ÉVOLUTION DE LA VÉGÉTATION ET DES SOLS FORESTIERS À L’ÉCHELLE LOCALE

Floristic inventories from 1972, 1991, and 2011 were available for 40 forest plots located in northeastern France. Detrended correspondence analysis (DCA) and variation partitioning were used to determine the relative importance of different drivers on the species composition of the studied forest. Changes in environmental conditions were inferred through changes in Ellenberg figures. Results: Species composition has reshuffled, with nitrophilic species increasing between 1972 and 2011. Soil pH mostly explained DCA axis1 variation (partial R2 RE=0.647), and soil nitrogen mostly explained DCA axis2 variation (partial R2 NE=0.152) over time. The acidification signal was non significant while eutrophication trend was significantly greater after 1991 (∆NE=+0.2). Flora bioindication revealed changes in light, and temperature and soil moisture. NE and LE are the figures changing more among the three surveys. Conclusions: The three surveys highlight differences in the rate/dynamics of changes.

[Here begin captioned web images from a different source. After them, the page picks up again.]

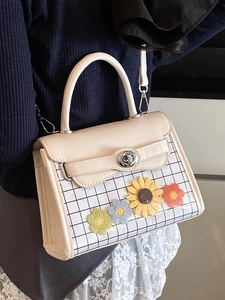 Elegant off-white crossbody bag with grid pattern and colorful crochet flower accents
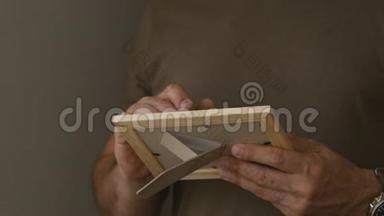 一个孤独的人站在窗前，拿着一张木框里的照片。 人检查照片..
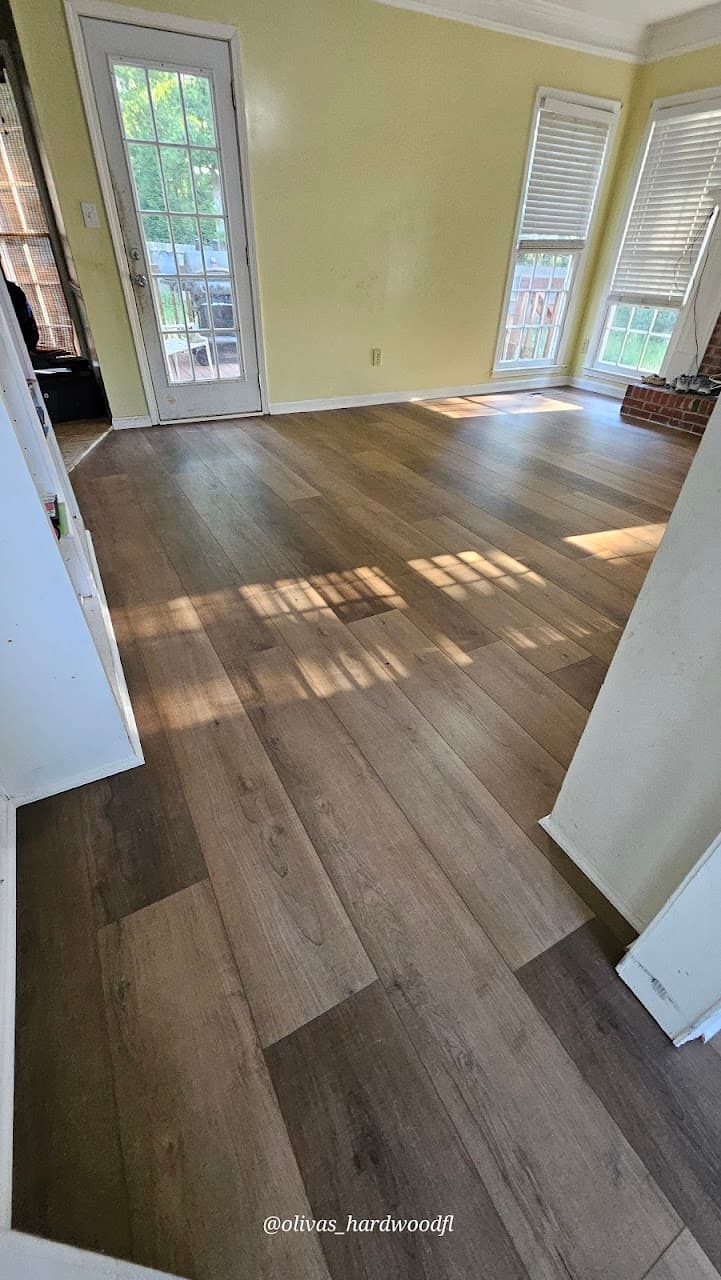 Luxury vinyl plank flooring in Duluth GA — gray-brown LVP in living room with yellow walls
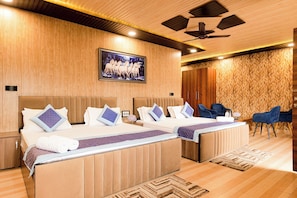 A hotel room with two beds, a ceiling fan, a mounted TV, and a patterned wall. - Aarohan - By Shivaneel Hospitality (Dhari)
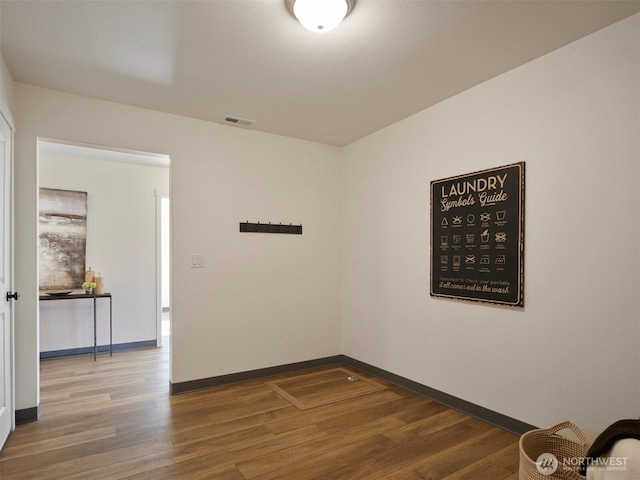 unfurnished room featuring visible vents, baseboards, and wood finished floors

Over the 40-year period in the study area, eutrophication has not slowed down whereas other environmental conditions, reflecting forest management and climate, exhibit significant changes. Global biodiversity is changing at an unprecedented rate as a complex response to several human-induced changes in the global environment (Vitousek et al., 1997b). By about the mid-20th century, global sulfur (S) and nitrogen (N) emissions from anthropogenic processes surpassed emissions from natural processes (Galloway, 2001), widely affecting terrestrial ecosystems (Aber et al., 1998), freshwaters systems (Schöpp et al., 2003), and soils chemistry (Falkengren-Grerup et Eriksson, 1990). Disturbance in forests appears as direct toxicity due to increased ammonium concentration (Van Den Berg et al., 2005), damage to vegetation (Bobbink et al., 2010), taxonomic homogenization (Keith et al., 2009), decline in species richness (McClean et al., 2011), and species reshuffling (Bernhardt-Römermann et al., 2007). At a European scale, a sharp decrease in S deposition has been observed since the 1980s, and some studies have already pointed out a recovery from anthropogenic acidification (Kirk et al., 2010; Riofrío-Dillon et al., 2012). However, N deposition has remained at a more or less constantly high level (EMEP, 2011). In France, inventories of atmospheric pollutants have reported that changes in emissions between 1980 and 2010 have shown a downward trend, with a strong, an important, and a significant reduction in SOx, NOx, and NH3, respectively (CITEPA, 2012). Under such conditions, recovery from the effects of eutrophying N compounds should be expected. Forest management systems have also changed, transitioning from coppice-with-standards to high forest management, thus affecting the species composition across European forests (Baeten et al., 2009). In France, forest conversion began before the 20th century, around 1860 (Degron, 1998). Consequently, changes in stand structure due to forest management system and stand maturation might confound the signal of other global changes. Forest dynamics have been reported as the cause of an apparent shift in species composition within forest ecosystems (Bodin et al., 2012).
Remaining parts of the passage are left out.